The new test is critical because some patients with advanced prostate cancer do not respond well to standard therapies. If clinicians know upfront that a specific treatment is unlikely to work, they can spare the patient unnecessary toxic side effects and direct them to alternative therapies more quickly—when they are likely to be more effective.
Wyatt and co-authors discovered that blood samples from a patient population gave them insights into which patients had cancer that was already resistant to therapies or who would very rapidly develop treatment-resistance. Within a large-scale randomized clinical trial, the team tested for DNA changes within prostate cancer genes that could drive resistance to treatments in patients with a metastatic form of the disease—when the prostate cancer has spread to other parts of the body.
Using these blood samples, researchers identified two genetic markers—mutations within the DNA repair gene BRCA2 and the common cancer gene TP53—that lead to highly treatment-resistant cancer that can shorten the lifespans of patients.
“The patients who had these gene mutations went on to develop treatment-resistant disease within just one to three months, versus one year.”
Up to 30 per cent of metastatic prostate cancer patients do not respond to either of the leading prostate cancer therapies: abiraterone and enzalutamide. Patients with mutations in the BRCA2 gene have prostate cancer that progresses on average six times faster. Those with TP53 mutations see their prostate cancer progress three times faster than patients without these gene mutations.

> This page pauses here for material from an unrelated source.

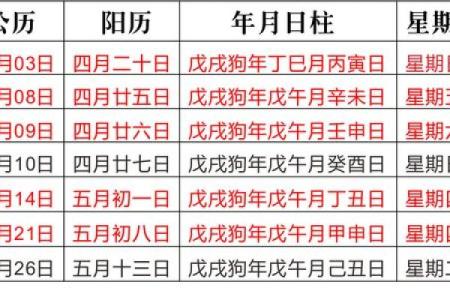 2024年6月刨腹吉日 2024剖腹产吉日查询
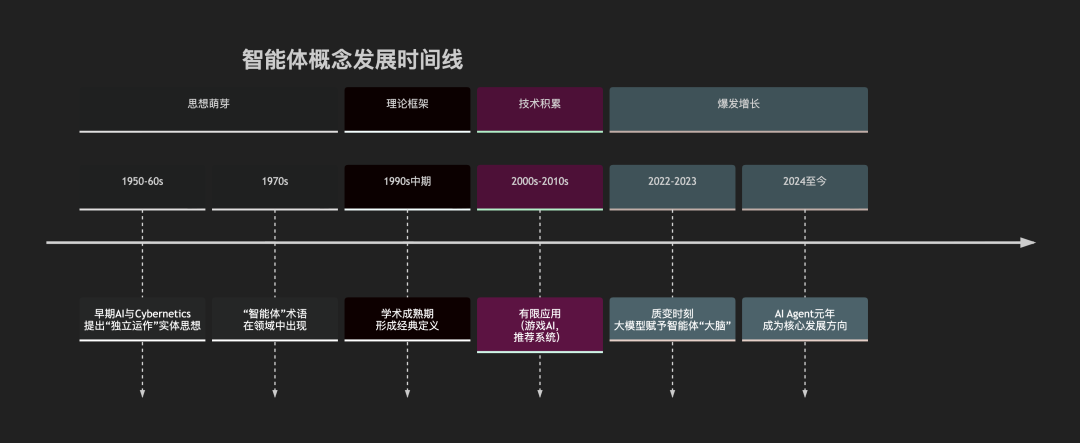 智能体概念发展时间线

“If we have that information when we first see the patient, we can look at other therapies and possibly enrollment in new ‘precision medicine’ clinical trials,” says Wyatt. “Importantly, this is all based on the results of a simple and minimally-invasive blood test, as opposed to a tissue or bone biopsy, which is how treatment-resistance was studied previously.”
The study, Circulating tumor DNA genomics correlate with resistance to abiraterone and enzalutamide in prostate cancer, was the first to directly investigate which of abiraterone and enzalutamide were the most effective at treating prostate cancer.
Following this study, Wyatt and co-author Dr. Kim Chi launched a British Columbia-wide blood collection initiative that analyzes blood samples from hundreds of metastatic prostate cancer patients. The analysis identifies if patients carry a gene mutation linked to treatment resistance or response, and relays that information back to patients’ doctors.
“It is a very exciting initiative to be part of,” says Wyatt. “We anticipate that our blood sample approach will be adopted by researchers for other large clinical trials.”